An exact restatement of the data is required, with the images omitted.

DATA PROVIDED START

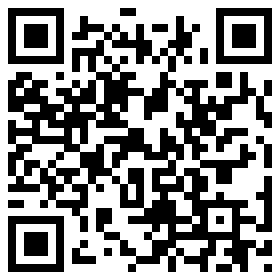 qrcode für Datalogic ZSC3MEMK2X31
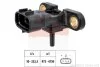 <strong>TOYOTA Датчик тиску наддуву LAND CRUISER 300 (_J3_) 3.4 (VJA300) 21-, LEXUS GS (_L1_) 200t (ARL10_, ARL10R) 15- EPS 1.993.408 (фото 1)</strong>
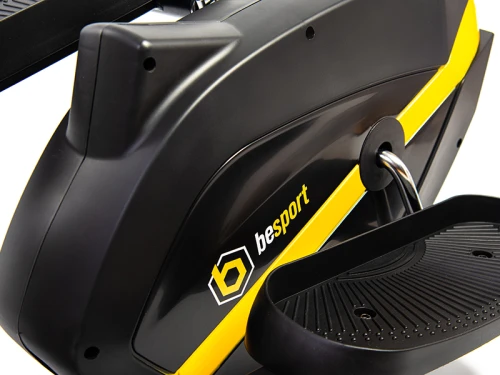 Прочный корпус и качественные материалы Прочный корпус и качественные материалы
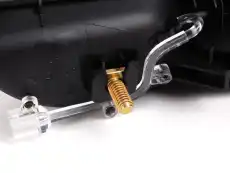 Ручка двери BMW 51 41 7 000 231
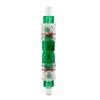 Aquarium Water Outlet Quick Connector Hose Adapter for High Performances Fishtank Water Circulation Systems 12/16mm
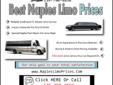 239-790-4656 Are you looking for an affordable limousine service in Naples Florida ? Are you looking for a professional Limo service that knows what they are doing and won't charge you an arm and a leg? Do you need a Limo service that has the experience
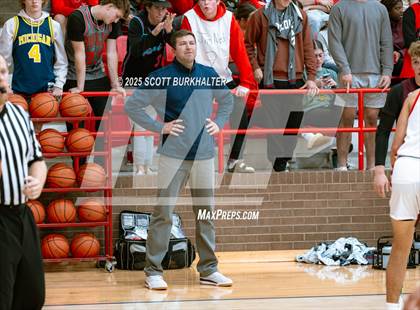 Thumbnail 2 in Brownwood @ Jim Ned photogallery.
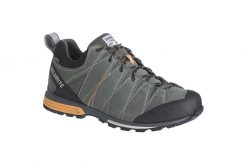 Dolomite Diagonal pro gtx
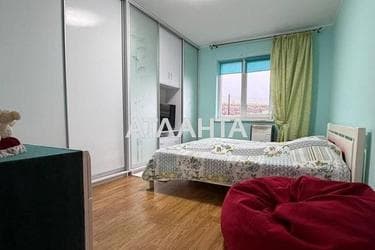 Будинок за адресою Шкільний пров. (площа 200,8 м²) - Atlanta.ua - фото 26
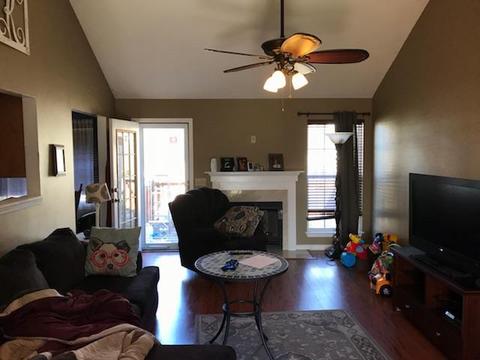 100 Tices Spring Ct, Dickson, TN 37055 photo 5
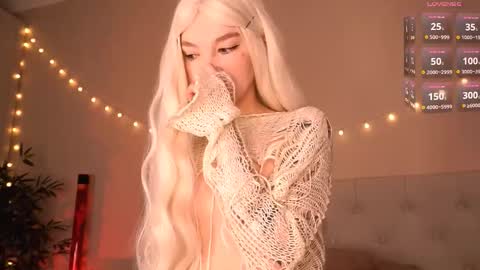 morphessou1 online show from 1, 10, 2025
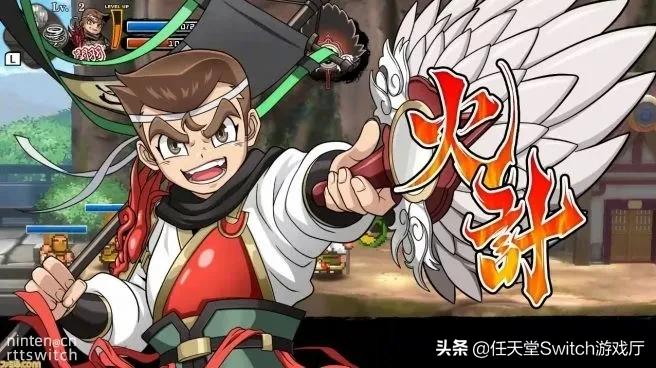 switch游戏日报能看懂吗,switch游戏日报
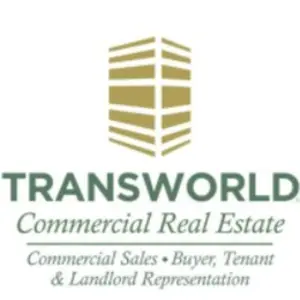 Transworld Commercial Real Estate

DATA PROVIDED END

* **WRITTEN ANSWER**
 qrcode für Datalogic ZSC3MEMK2X31
 <strong>TOYOTA Датчик тиску наддуву LAND CRUISER 300 (_J3_) 3.4 (VJA300) 21-, LEXUS GS (_L1_) 200t (ARL10_, ARL10R) 15- EPS 1.993.408 (фото 1)</strong>
 Прочный корпус и качественные материалы Прочный корпус и качественные материалы
 Ручка двери BMW 51 41 7 000 231
 Aquarium Water Outlet Quick Connector Hose Adapter for High Performances Fishtank Water Circulation Systems 12/16mm
 239-790-4656 Are you looking for an affordable limousine service in Naples Florida ? Are you looking for a professional Limo service that knows what they are doing and won't charge you an arm and a leg? Do you need a Limo service that has the experience
 Thumbnail 2 in Brownwood @ Jim Ned photogallery.
 Dolomite Diagonal pro gtx
 Будинок за адресою Шкільний пров. (площа 200,8 м²) - Atlanta.ua - фото 26
 100 Tices Spring Ct, Dickson, TN 37055 photo 5
 morphessou1 online show from 1, 10, 2025
 switch游戏日报能看懂吗,switch游戏日报
 Transworld Commercial Real Estate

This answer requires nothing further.